+++ PROVIDED MATERIAL

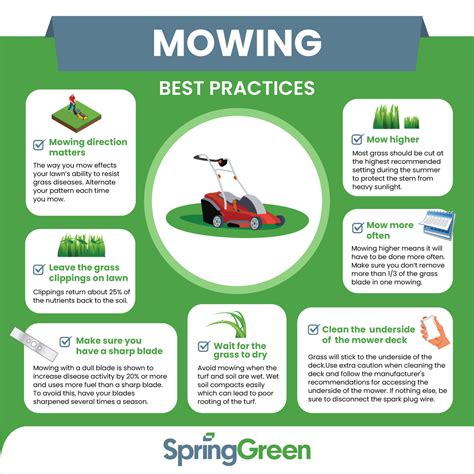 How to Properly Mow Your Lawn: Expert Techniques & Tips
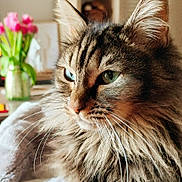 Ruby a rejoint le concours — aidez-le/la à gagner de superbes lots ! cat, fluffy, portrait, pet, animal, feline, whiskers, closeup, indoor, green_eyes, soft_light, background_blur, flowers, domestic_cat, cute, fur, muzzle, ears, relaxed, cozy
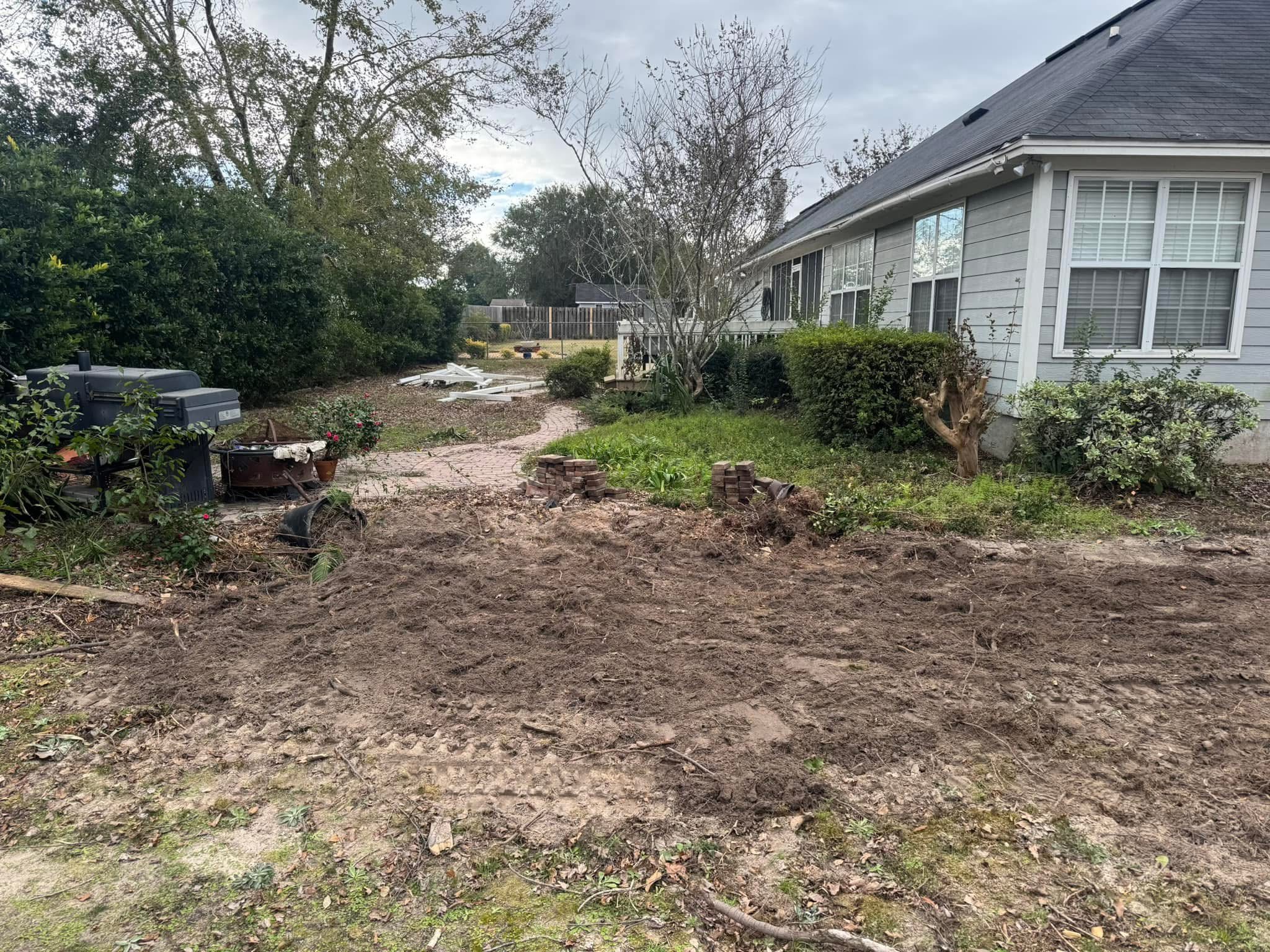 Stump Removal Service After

++++++
+++ PROVIDED MATERIAL

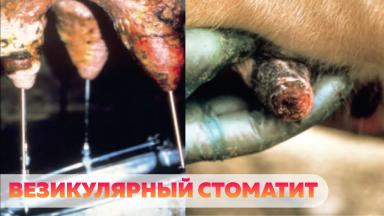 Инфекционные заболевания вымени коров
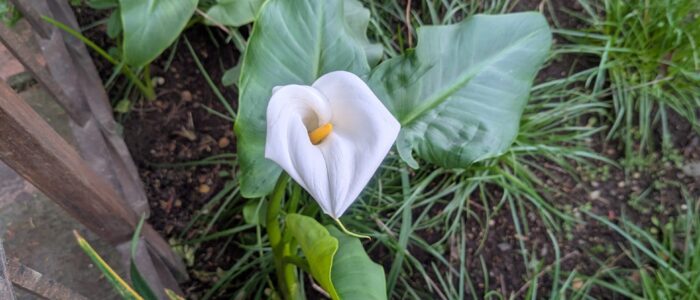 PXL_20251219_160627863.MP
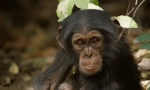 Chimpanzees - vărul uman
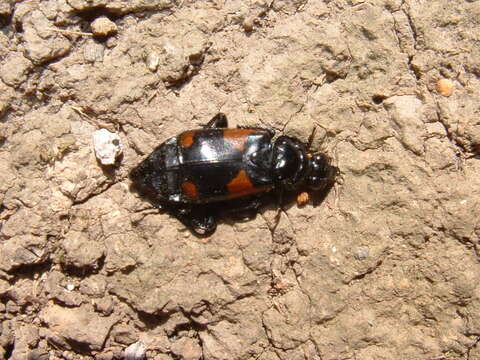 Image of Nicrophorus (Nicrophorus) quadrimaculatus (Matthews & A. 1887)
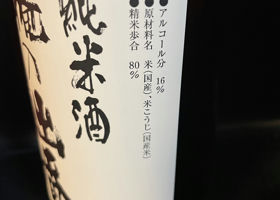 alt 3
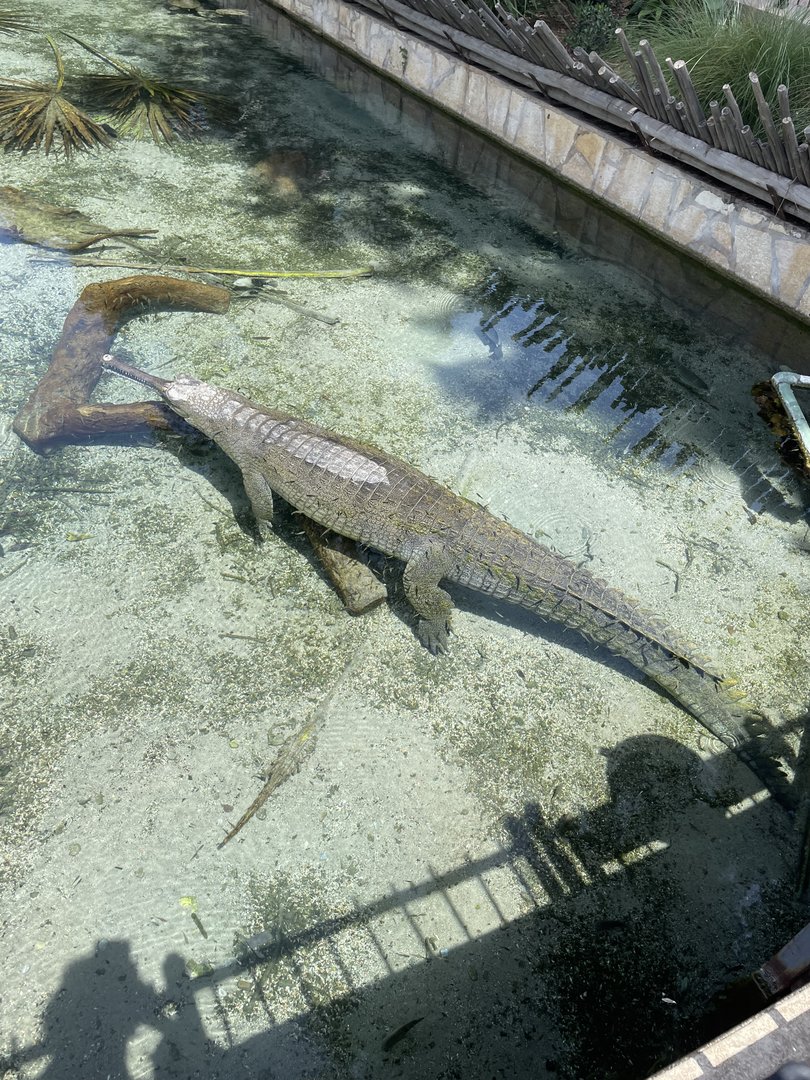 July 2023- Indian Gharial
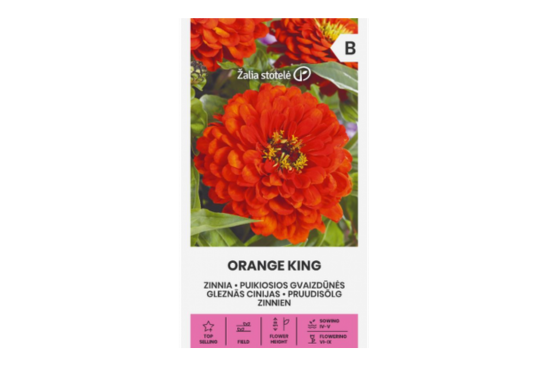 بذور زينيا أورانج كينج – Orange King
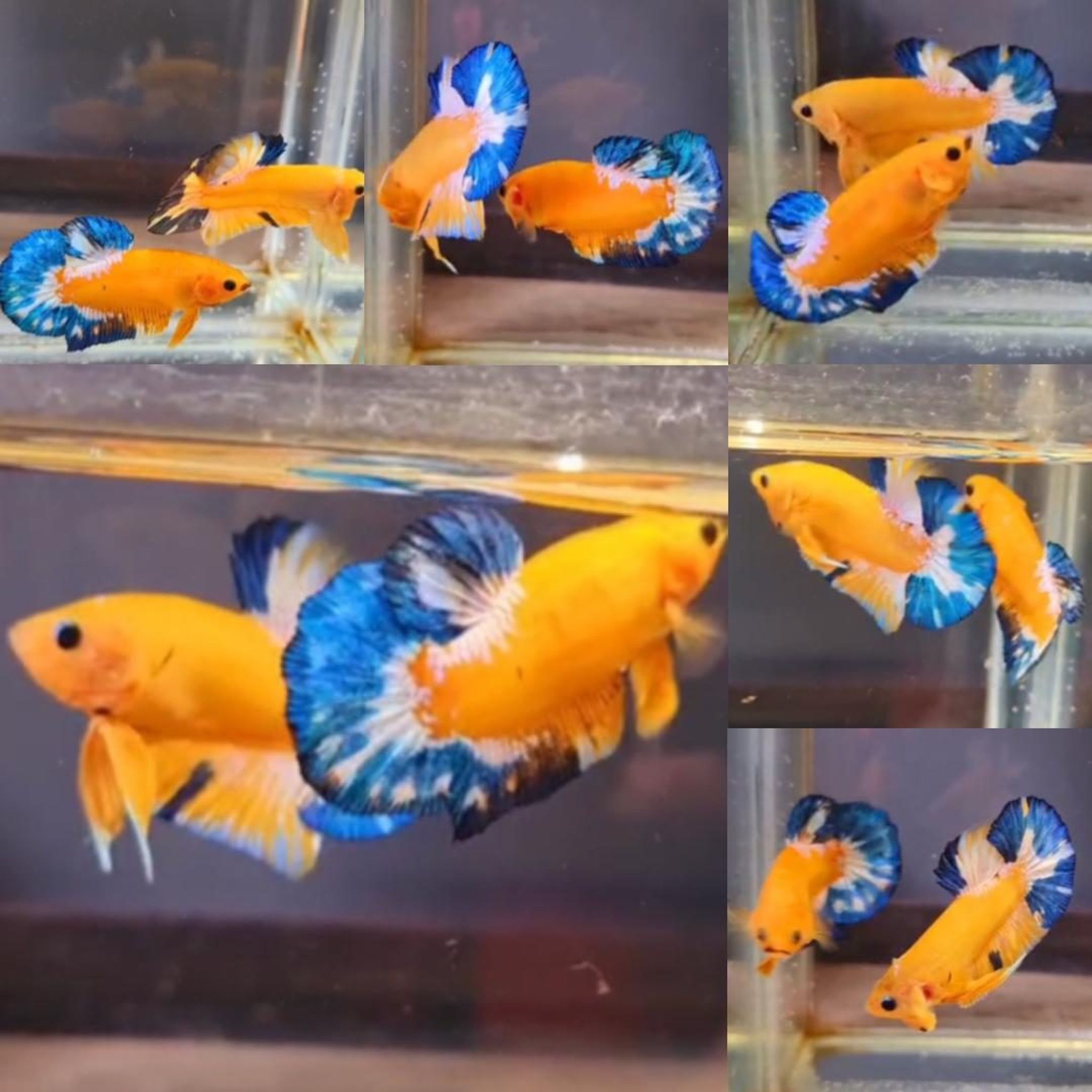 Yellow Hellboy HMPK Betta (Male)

++++++

> **INSTRUCTIONS FOR THE TASK**
Print everything from the line with "Ruby a rejoint" down to the line with "Stump Removal Service After" in the entries above, both lines included and nothing more, without the pictures.

> **PROBLEM SOLUTION**
 Ruby a rejoint le concours — aidez-le/la à gagner de superbes lots ! cat, fluffy, portrait, pet, animal, feline, whiskers, closeup, indoor, green_eyes, soft_light, background_blur, flowers, domestic_cat, cute, fur, muzzle, ears, relaxed, cozy
 Stump Removal Service After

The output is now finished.